GIVEN INFORMATION |
============
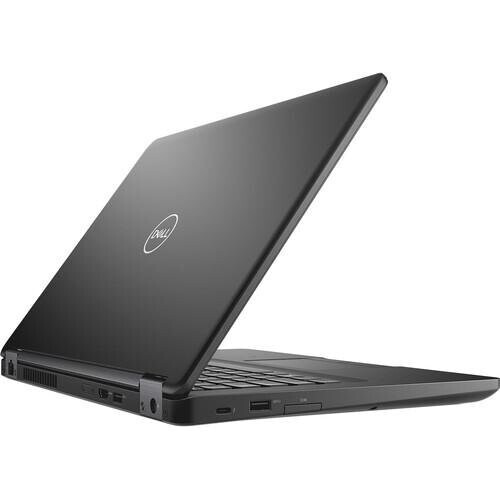 Dell Latitude 5490 14" Core i5 8350U 1.7GHz GHz - ...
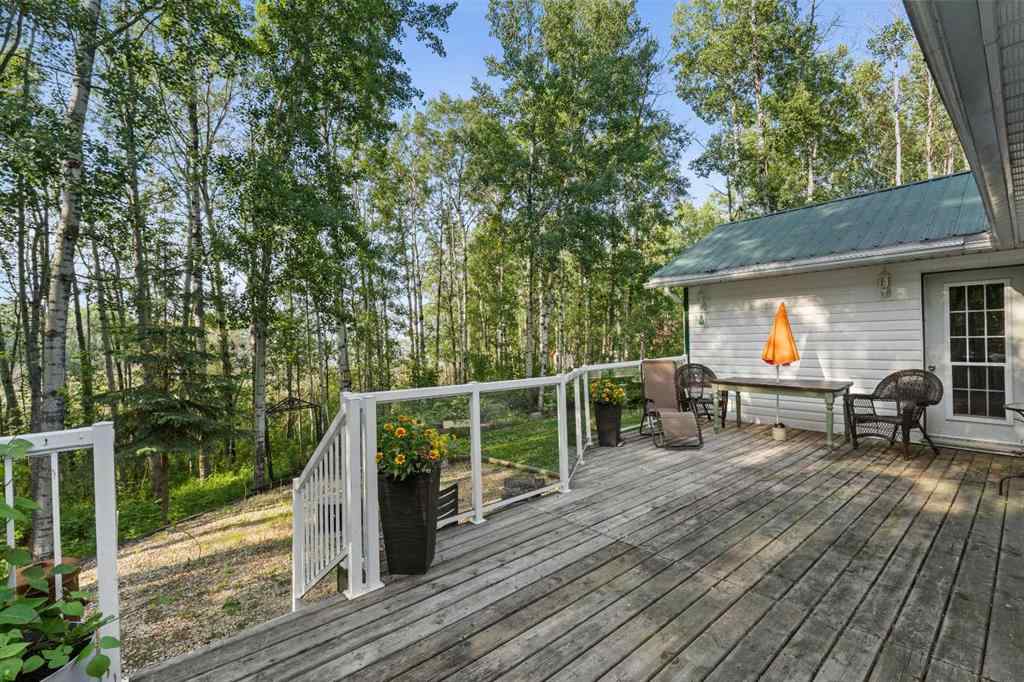 MLS® A2237399 - 51 Lightning Bay   in NONE Rural Barrhead No. 11, County of, Residential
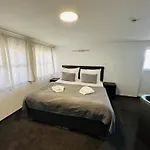 ボテル グラシア ブラチスラヴァ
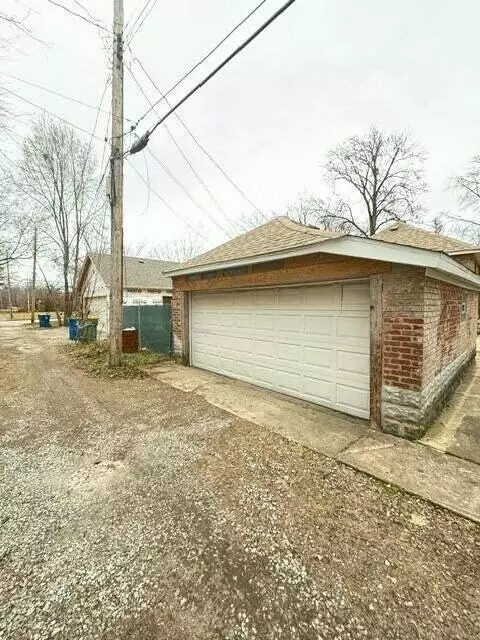 Other - 3516 Carolina St, Gary, IN 46409 photo 10 of 10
============
ACTIVITY | The data above must be written out again without alteration, and the pictures in them must be excluded.

TASK OUTPUT |
 Dell Latitude 5490 14" Core i5 8350U 1.7GHz GHz - ...
 MLS® A2237399 - 51 Lightning Bay   in NONE Rural Barrhead No. 11, County of, Residential
 ボテル グラシア ブラチスラヴァ
 Other - 3516 Carolina St, Gary, IN 46409 photo 10 of 10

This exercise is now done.